Last night, Houston and I were on our nightly jog/walk when a large Golden Retriever approached. I slowing picked up Houston and put out my other hand so the dog could smell me. He didn't seem aggressive but he wanted to smell Houston's butt and I wouldn't let him. Ever time he ran to jump at me I would say "NO" sharply and sort of tapped him on his nose.

Well, then he followed us and followed us. All this time I had Houston in my arms. I was talking loudly saying, "Who do you belong to boy?" Hoping one of the neighbors would come out and notice. No one did or didn't seem to care!!!!!!!!!!!!!

So I decided to make another lap around the block because I didn't want the dog following me home. Plus, he was a beautiful dog and I didn't want something to happen to him. So, we walked back towards were he first approached us. In the meantime, I asked a few neighbors on a different block and no one knew to whom the dog belonged to. I sort of had an idea.

So, I started ringing doorbells. Say the least, the first person wasn't really nice to me at all. Then it happened. The dog decided he really really really liked me and tried latching on to my leg. All 100 lbs of him. :help: I firmly grabbed him by the hair on his neck like a Mommy dog (he didn't have a collar) and said NO, SIT. He did listen but was getting more aggressive.

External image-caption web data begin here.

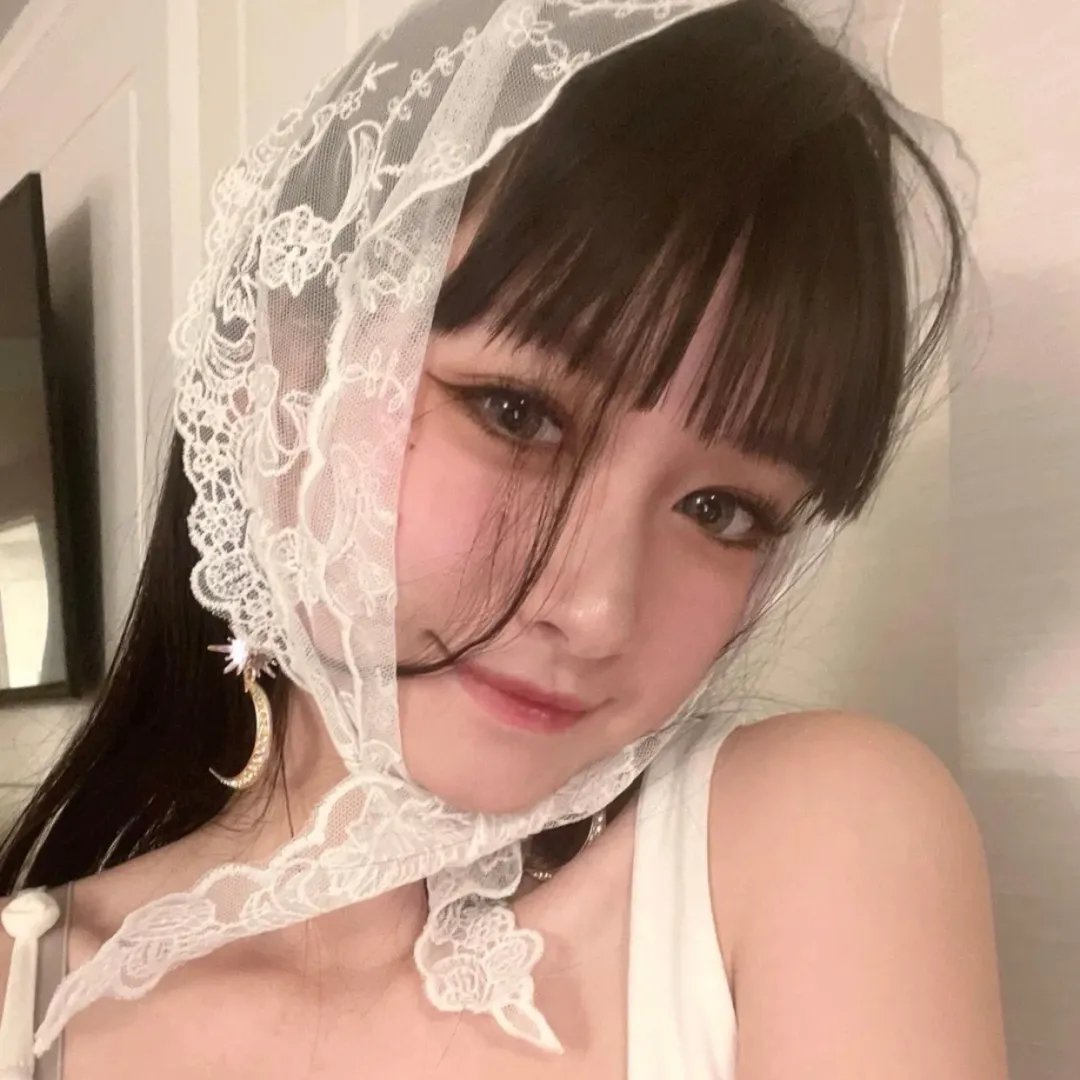 时尚帝国合约的开始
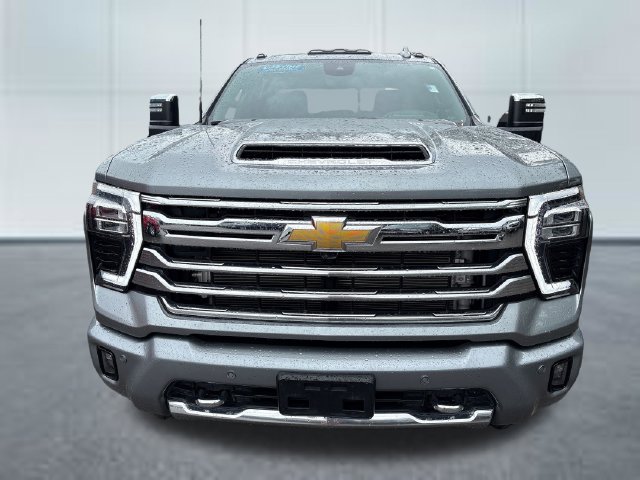 Used 2024 Chevrolet Silverado 2500 High Country w/ Technology Package AWD/4WD image 6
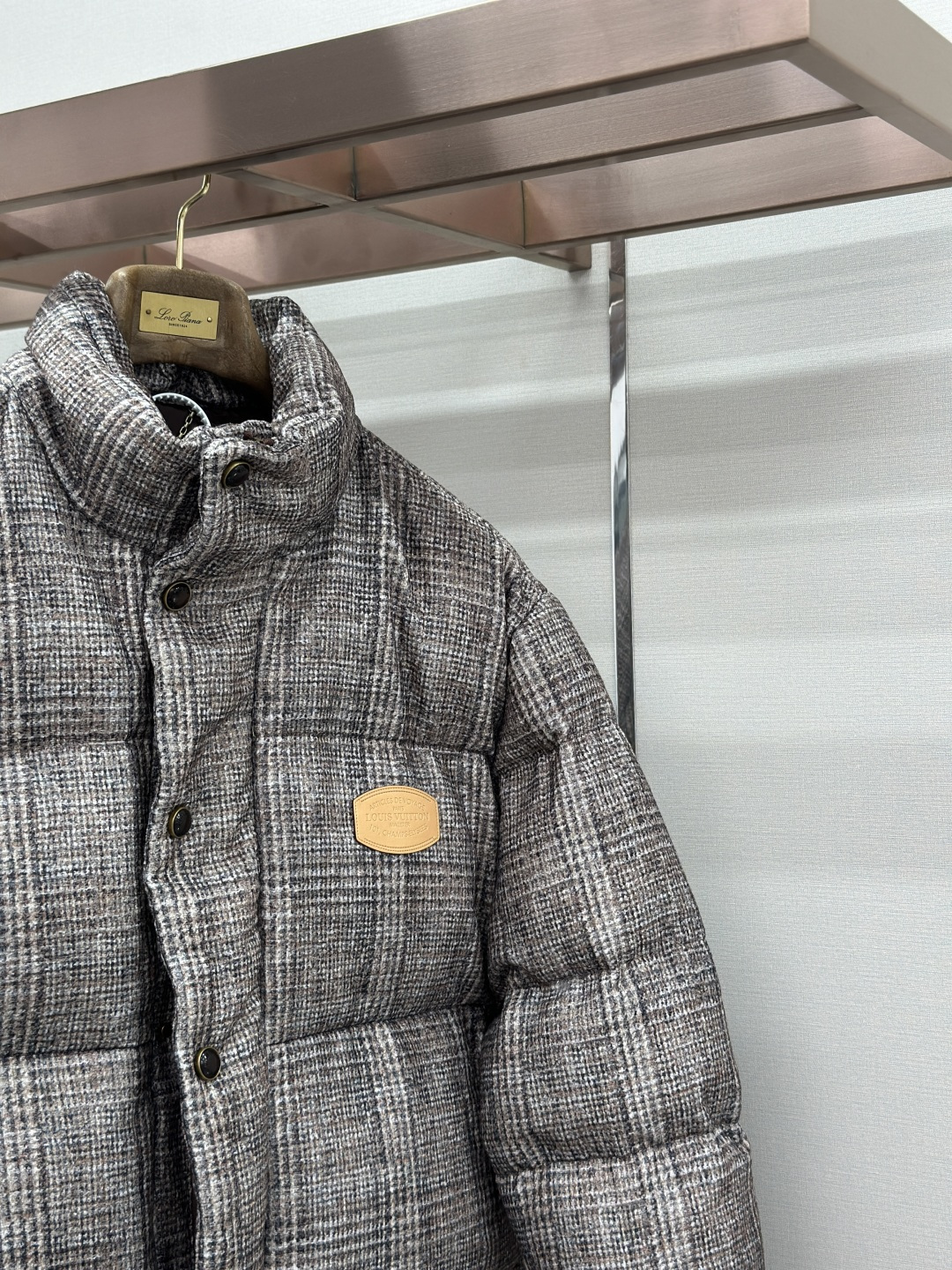Louis Vuitton LOUIS VUITTON LV 皮章格纹粗花呢束腰羽绒棉服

Finally a car came down the road and it turned out to be the owners of the dog. :amen: They didn't know how he got out of the fence. They said Thank you and Houston and I started on our way but he still continued to follow. The owner finally got him to come to his house.

After it all happened and the adrenalin was gone I thought "What a fool!!!!!!!!!!" We both could have been hurt. :brick: I kept thinking of the stories on the board "How neutered dogs attacked unneutered dogs and Tom's story about the owner trying to protect his Hav from a Mastiff. Yikes. The reality set in.

So, how should you handle a dog when it approaches you and follows you? My one friend said have treats but I think that only invites then back. Although if you get a rawhide you can throw it and hopefully the dog will go after it and head off back home. Others suggested I should have pepper spray just in case it is an aggressive dog.

So, I was looking for input from you guys. Any ideas? I guess one encounter out of three months of walking is not bad but I guess I should be prepared.


----------



## Laurief (Nov 7, 2006)

Rita, my trainers always said (as well as Ceasar) to let the dogs sniff each other as it is their way of greeting & establishing who is in charge. But I can see why you were nervous & picked up Houston. I am not sure that there is a surefire answer to this as the dog might be very friendly or aggressive, you never know. I would be interested to hear what others have to say. 
Laurie


----------



## Rita (Jan 1, 2007)

I usually do the sniff thing when another owner is walking their dog and we run into each other. That way we are both present to control our animals. I was very afraid without his owner around even though he seemed harmless enough. That is a big dog to try to control if things went crazy. 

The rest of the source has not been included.